WHAT IS EXPECTED: Output exactly the lines of the listing below that run from the line with "Moving on to" through the line with "That's it for". No pictures.

RECORD EXTRACTS:

-=-=-=-=-

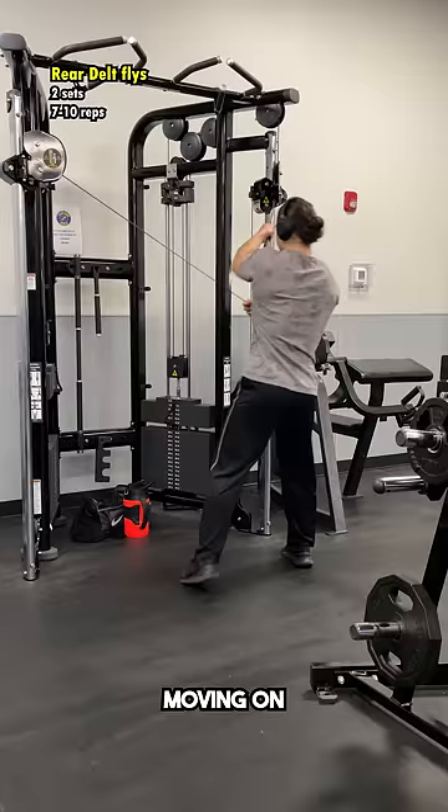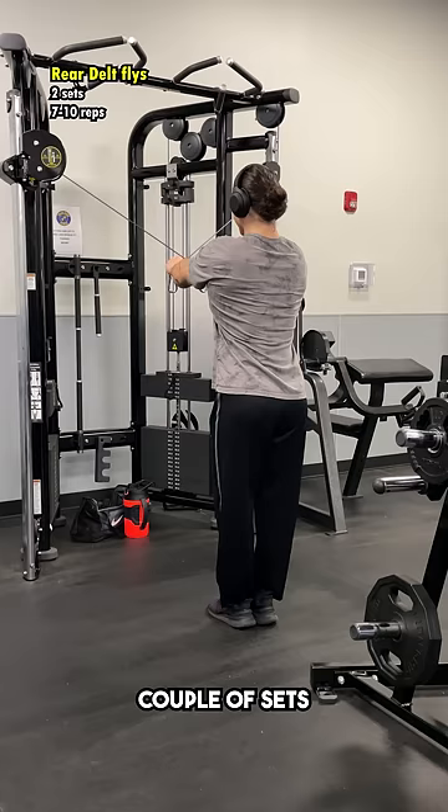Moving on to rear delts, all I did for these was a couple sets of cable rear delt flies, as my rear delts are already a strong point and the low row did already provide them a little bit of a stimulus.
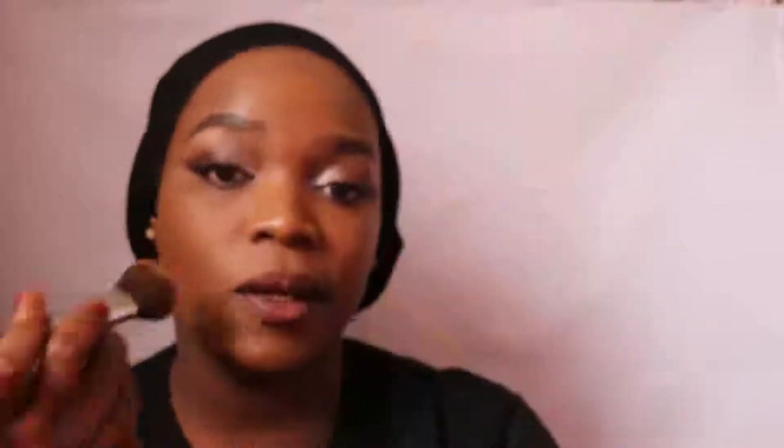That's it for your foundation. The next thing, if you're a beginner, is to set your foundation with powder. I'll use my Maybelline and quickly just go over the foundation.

-=-=-=-=-

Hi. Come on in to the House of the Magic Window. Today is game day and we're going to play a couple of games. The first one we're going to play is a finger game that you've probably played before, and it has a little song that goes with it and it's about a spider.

-=-=-=-=-

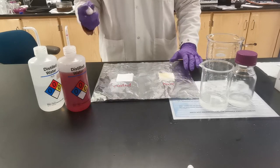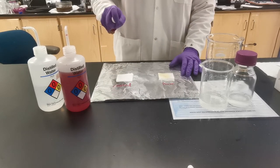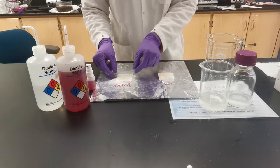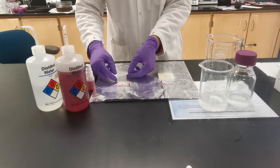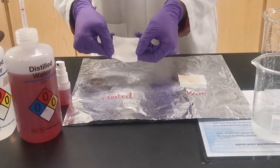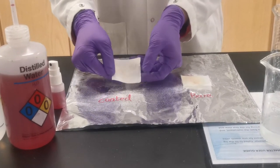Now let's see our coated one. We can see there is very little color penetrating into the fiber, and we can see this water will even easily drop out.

-=-=-=-=-

WRITTEN SOLUTION:
Moving on to rear delts, all I did for these was a couple sets of cable rear delt flies, as my rear delts are already a strong point and the low row did already provide them a little bit of a stimulus.
That's it for your foundation. The next thing, if you're a beginner, is to set your foundation with powder. I'll use my Maybelline and quickly just go over the foundation.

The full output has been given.